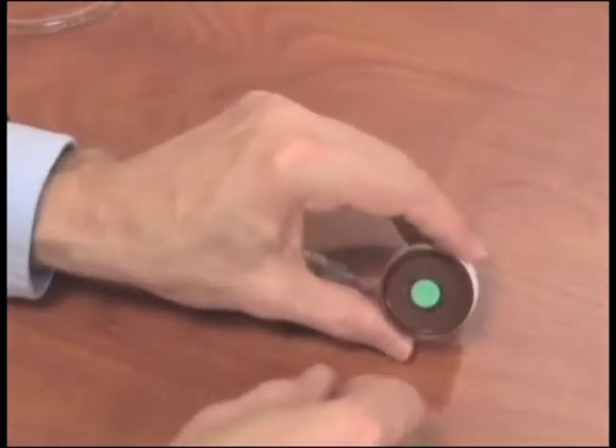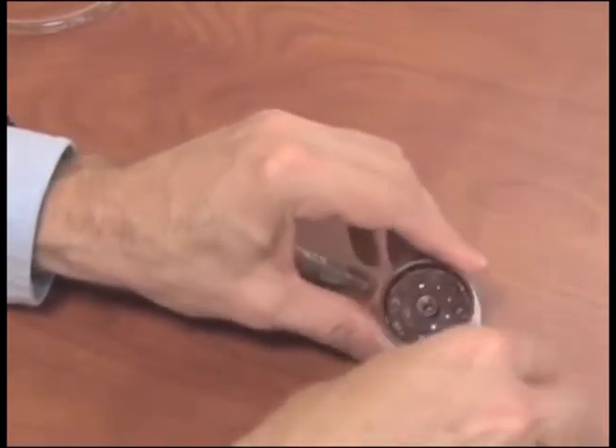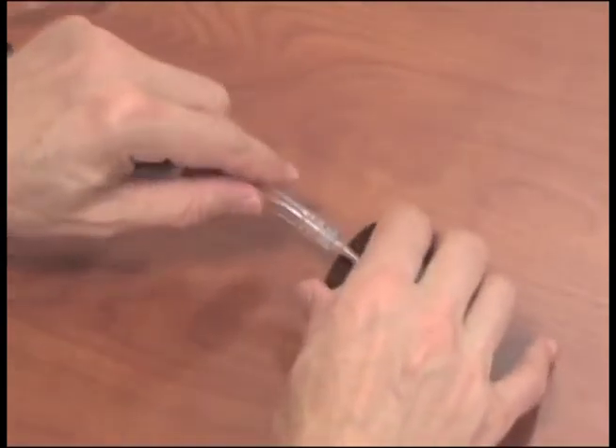Then remove the green colored nib on the outlet side of the Filter Cassette and attach it to the short section of tubing using the lure adapter.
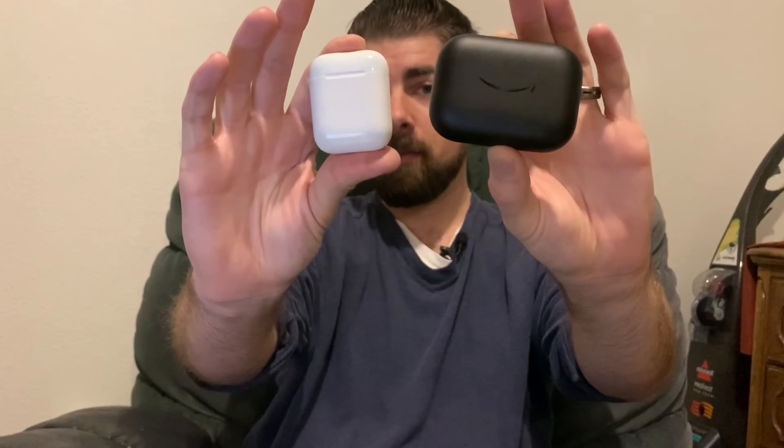To give you an idea of the size difference — this is not the biggest case I've seen for wireless earbuds, but it definitely isn't the smallest either. Side by side, here's the first-gen AirPods and here's the Amazon Echo Buds case — there's a massive difference. I could pretty much fit the entire AirPods case within the Echo Buds case. That said, it's still pocketable.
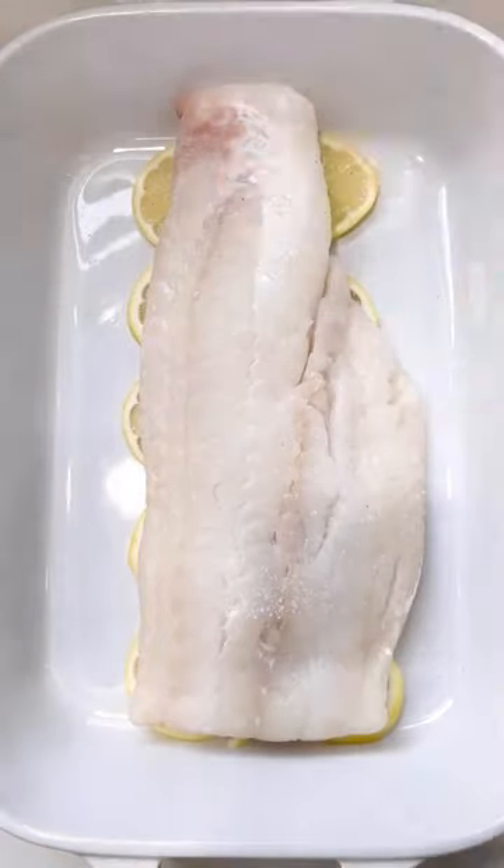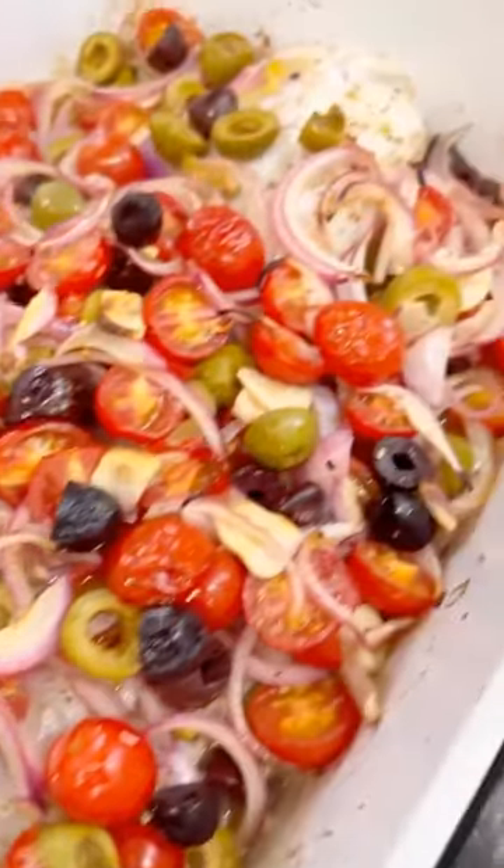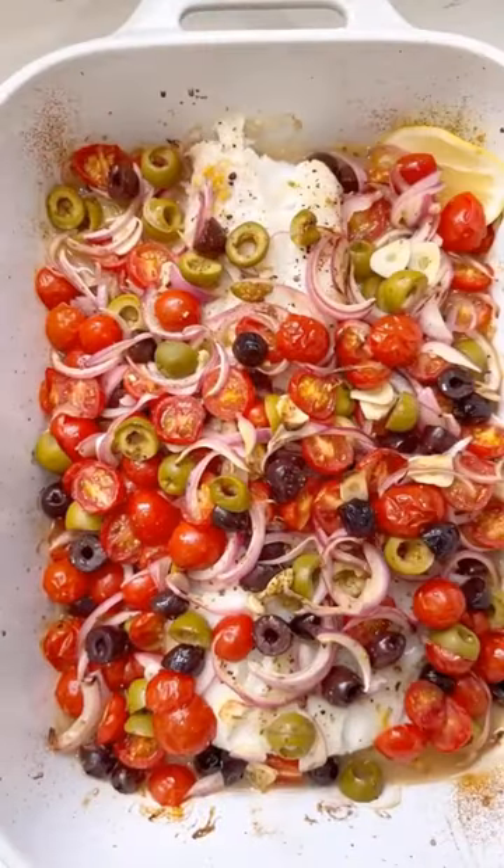You can put it on top of lemon slices, or if you find cooked lemon to be bitter, you can leave it off. Top it with a mix of tomatoes, olives, onion, garlic, red wine vinegar, and olive oil.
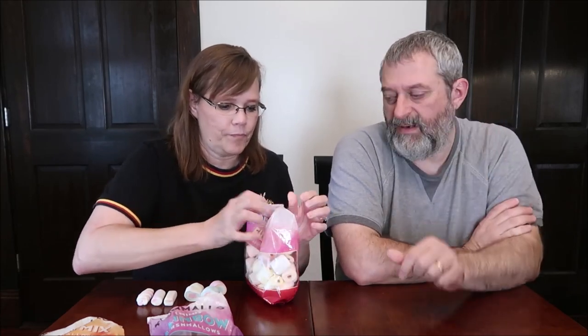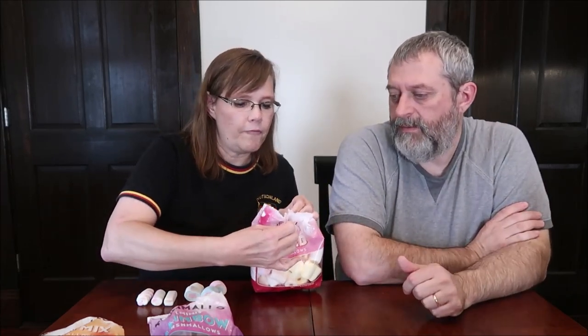These are the strawberry filled marshmallows, and they do have a little thing in the middle. Four pieces are 100 calories, but they're not tiny. They do smell good. It looks like yellow, white, pink, and orange.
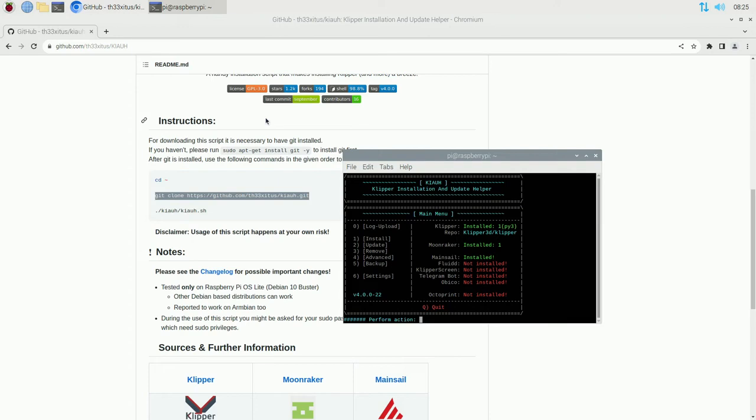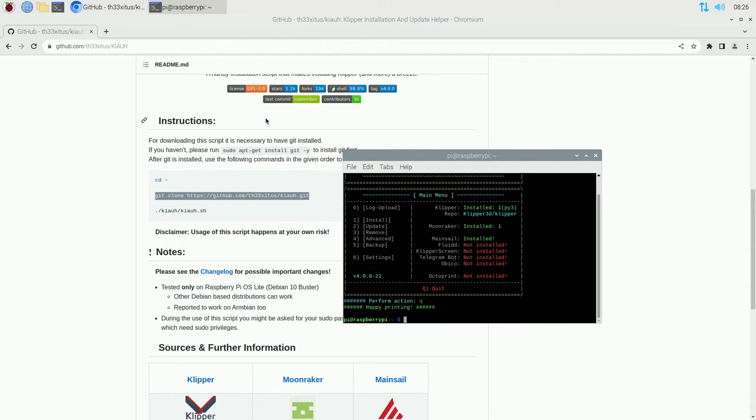At this screen we can see everything that's installed: one instance of Klipper, one instance of Moonraker, and one instance of Mainsail. Klipper is the firmware layer, Moonraker handles the web API, and Mainsail is your web interface - those are the three things we need before going further. Let's hit Q to quit and get back to the command prompt. Now we need to switch over to another screen to check everything out.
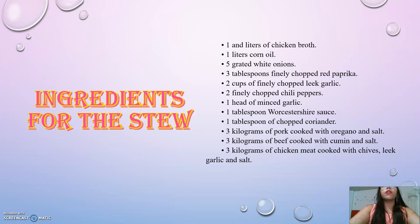Ingredients for the stuffing: 1 liter of hot chicken broth, 1 liter of corn oil, 5 grated onions, 3 finely chopped paprika, 2 cups of finely chopped garlic, 2 finely chopped chili peppers, 1 head of minced garlic, 1 tablespoon of worcestershire sauce.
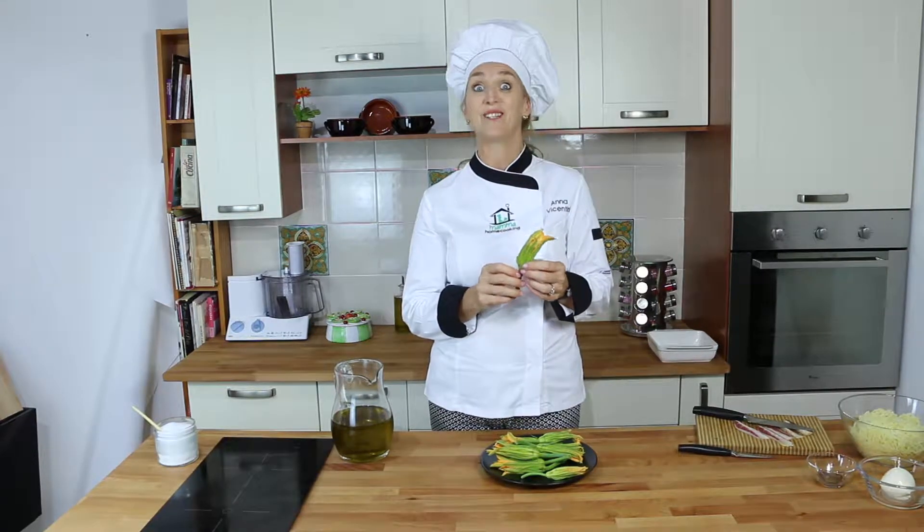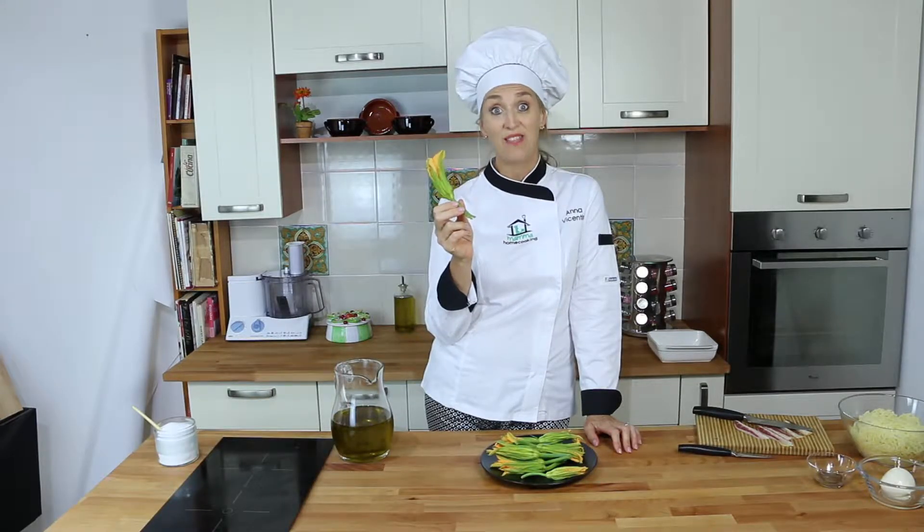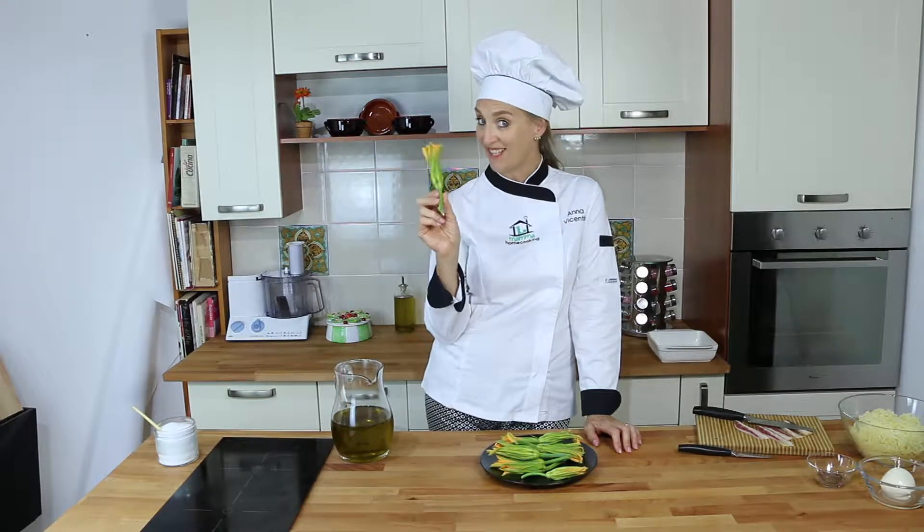In your country they probably don't sell zucchini flowers, but you might grow them, because a lot of people actually grow zucchini and don't know that these are edible. Let me show you how to cook them. Typical in Italy is to deep-fry them — they're fantastic — but you can also sauté them or put them in the oven, just like today.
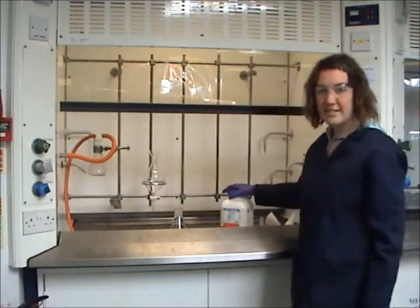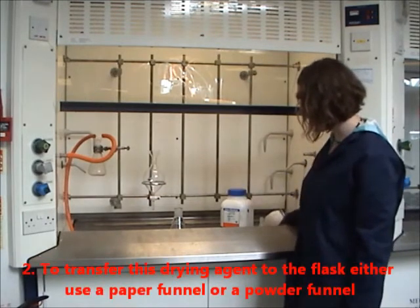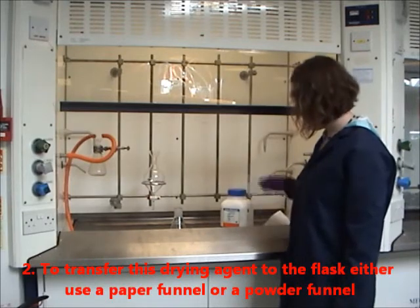There are many different types of drying reagents. Today we're going to use magnesium sulfate. To transfer the drying reagent into the flask, either use a paper funnel or a powder funnel.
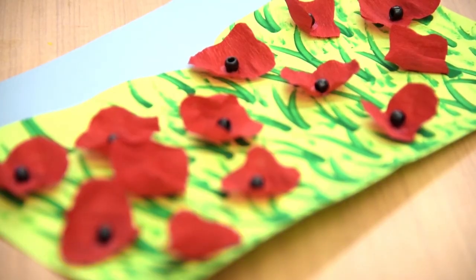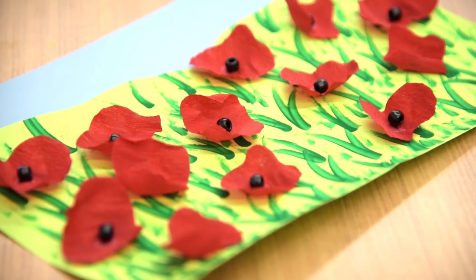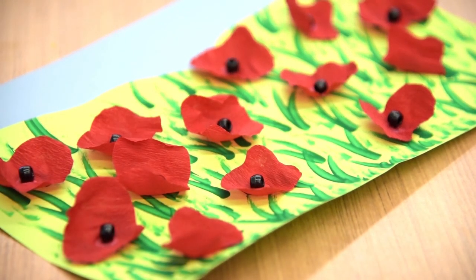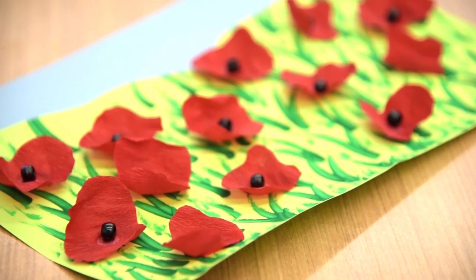Once you have all your flowers placed and once it dries, you'll have a beautiful field of poppies. Please make sure as you look at your poppy field that you take the time to thank a veteran for their service this Veterans Day. I hope you have a great day.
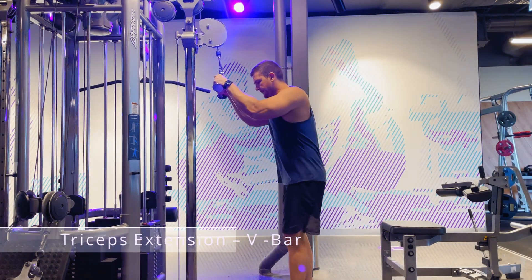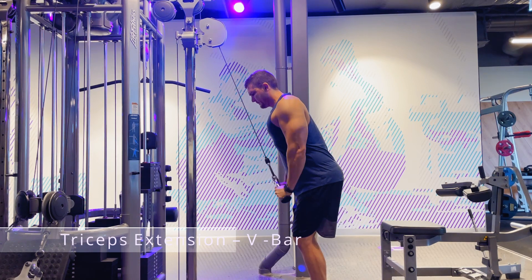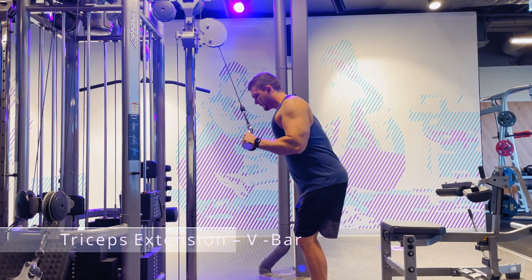This is the tricep extensions using a V-bar attachment. Start by gripping the bar, bring the elbows to your side, and lean over ever so slightly for stability.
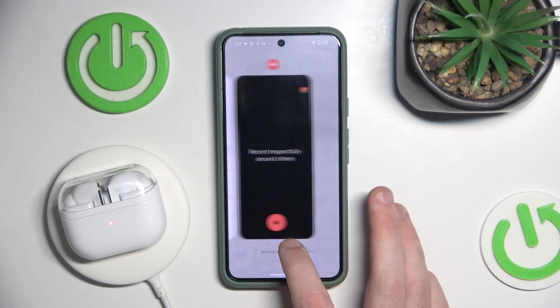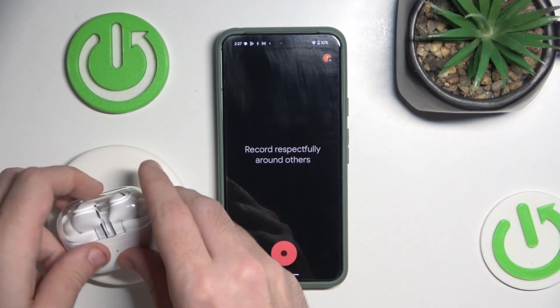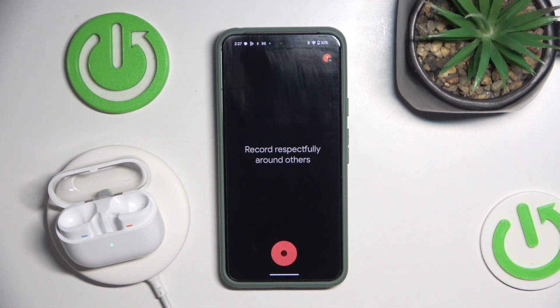You have to start by opening the recorder, then open the case and put the headphones in your ears.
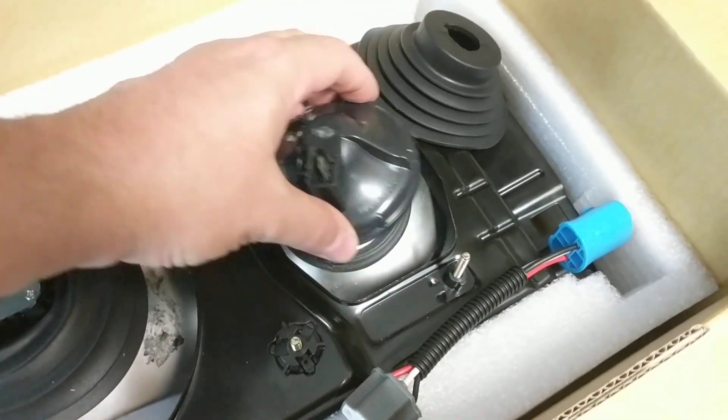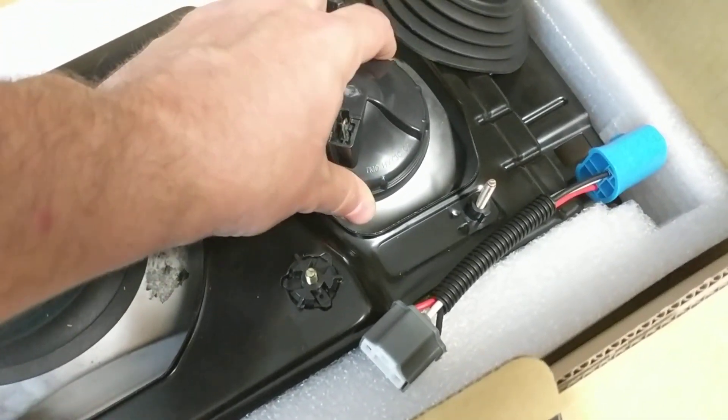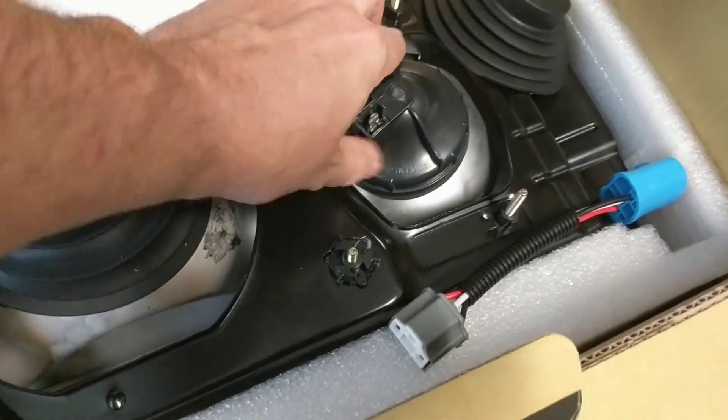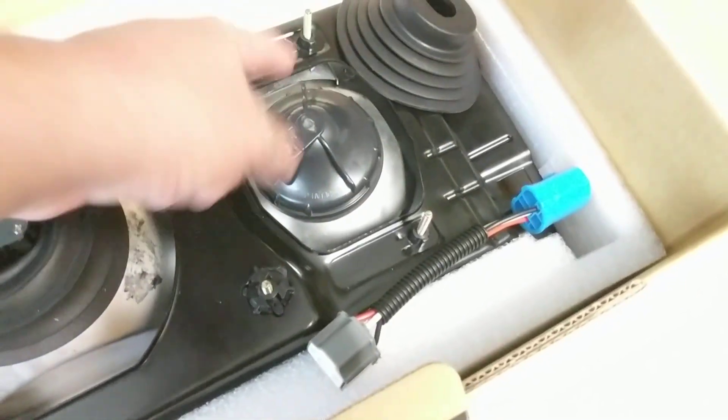Sorry about that. This is how this thing goes — it's kind of pointed down and a little bit in towards the other light. You get it in there and do it like that, and that's how it locks in place.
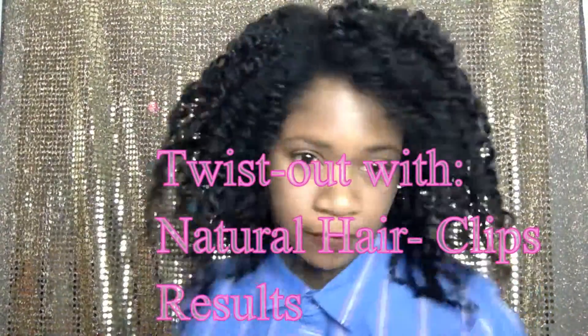Hi, I'm here to show you guys that I unraveled my clip-ins. I had twisted them out — I twisted them with Equal Style gel and left it twisted for three days, and now it's time to show the results.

- **What the exercise asks**:
Above are records with pictures. Reproduce exactly only the lines from the line with "These are the" through the line with "Once you have", both ends included, and leave the pictures out.

- **Written answer**:
These are the strawberry filled marshmallows, and they do have a little thing in the middle. Four pieces are 100 calories, but they're not tiny. They do smell good. It looks like yellow, white, pink, and orange.
At this screen we can see everything that's installed: one instance of Klipper, one instance of Moonraker, and one instance of Mainsail. Klipper is the firmware layer, Moonraker handles the web API, and Mainsail is your web interface - those are the three things we need before going further. Let's hit Q to quit and get back to the command prompt. Now we need to switch over to another screen to check everything out.
Ingredients for the stuffing: 1 liter of hot chicken broth, 1 liter of corn oil, 5 grated onions, 3 finely chopped paprika, 2 cups of finely chopped garlic, 2 finely chopped chili peppers, 1 head of minced garlic, 1 tablespoon of worcestershire sauce.
In your country they probably don't sell zucchini flowers, but you might grow them, because a lot of people actually grow zucchini and don't know that these are edible. Let me show you how to cook them. Typical in Italy is to deep-fry them — they're fantastic — but you can also sauté them or put them in the oven, just like today.
There are many different types of drying reagents. Today we're going to use magnesium sulfate. To transfer the drying reagent into the flask, either use a paper funnel or a powder funnel.
Once you have all your flowers placed and once it dries, you'll have a beautiful field of poppies. Please make sure as you look at your poppy field that you take the time to thank a veteran for their service this Veterans Day. I hope you have a great day.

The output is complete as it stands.